Traction therapy for men with shortened penis prior to penile prosthesis implantation: a pilot study.
Published on Jul 1, 2011in The Journal of Sexual Medicine3.649
· DOI :10.1111/j.1743-6109.2011.02285.x
ABSTRACT Introduction Loss of penile length after penile prosthesis implantation is one of the most common complaints. There is no recognized reliable technique to gain length once the device is placed. Aims This noncontrolled pilot study was designed to evaluate the efficacy and safety of external penile traction therapy in men with a shortened penis used before inflatable prosthesis implantation. Methods Ten men with drug refractory erectile dysfunction and a complaint of a shorter penis as a result of radical prostatectomy in four, prior prosthesis explantation in four, and Peyronie's disease in two were entered into this trial.

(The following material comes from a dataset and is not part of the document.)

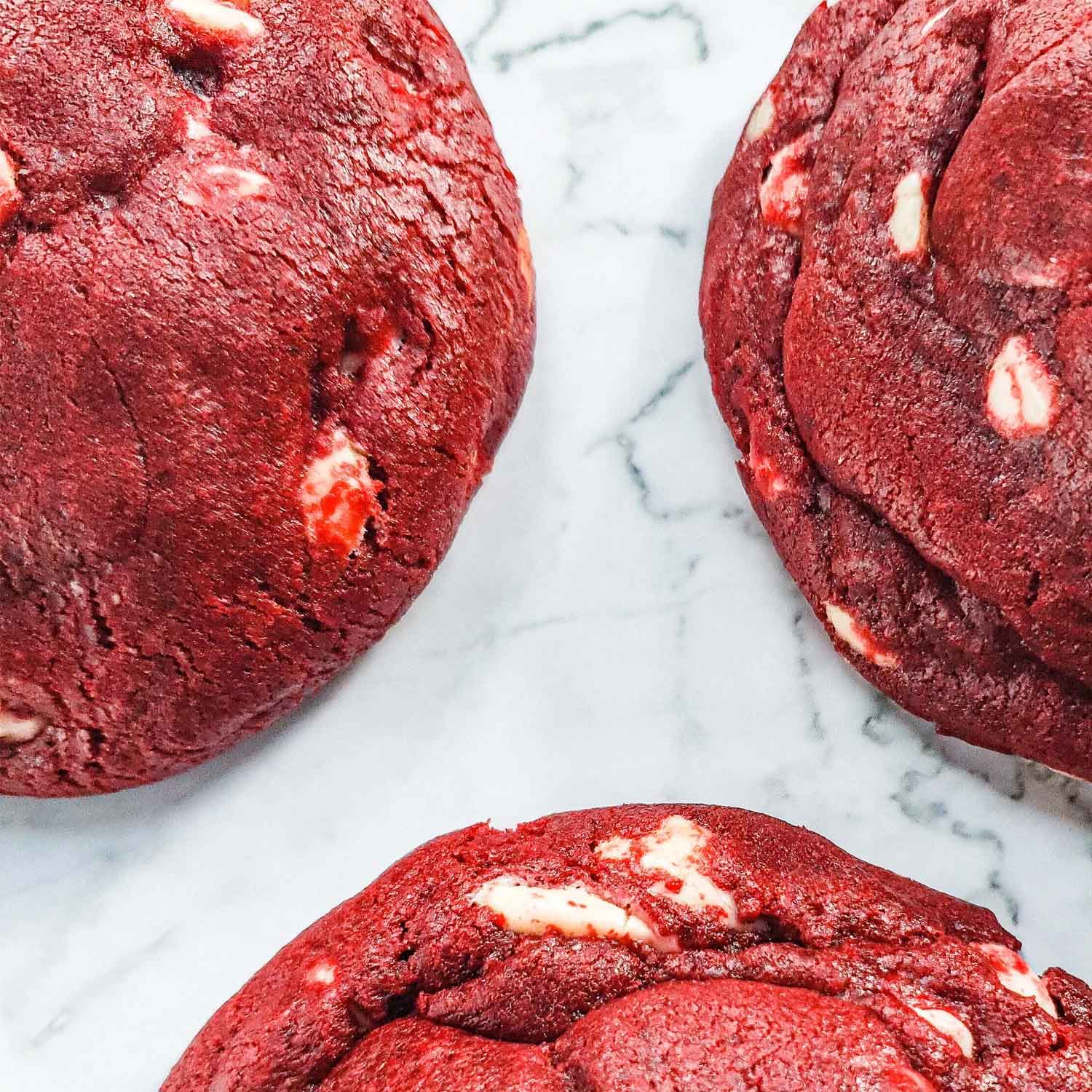 RED VELVET COOKIES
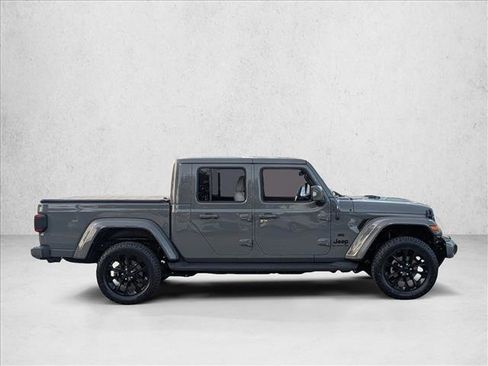 Used 2022 Jeep Gladiator Overland AWD/4WD image 4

External penile traction was applied for 2–4 hours daily for 2–4 months prior to prosthesis surgery. Main Outcome Measures Baseline stretched penile length (SPL) was compared with post‐traction SPL and postimplant inflated erect length. A non‐validated questionnaire assessed patient satisfaction. Results All men completed the protocol. Daily average device use was 2–4 hours and for up to 4 months. No man had measured or perceived length loss after inflatable penile prosthesis placement. Seventy percent had measured erect length gain compared with baseline pre‐traction SPL up to 1.5 cm. There were no adverse events. Conclusion External traction therapy appears to result in a preservation of penile length, as no man had measured or perceived length loss following prosthesis placement, but in fact, a small length gain was noted in 70% of the subjects with no adverse events. The protocol is tedious and requires compliance to be effective. External traction therapy prior to inflatable penile prosthesis placement appears to preserve and possibly result in increased post‐prosthesis implant erect length. Levine LA and Rybak J. Traction therapy for men with shortened penis prior to penile prosthesis implantation: A pilot study. J Sex Med 2011;8:2112–2117.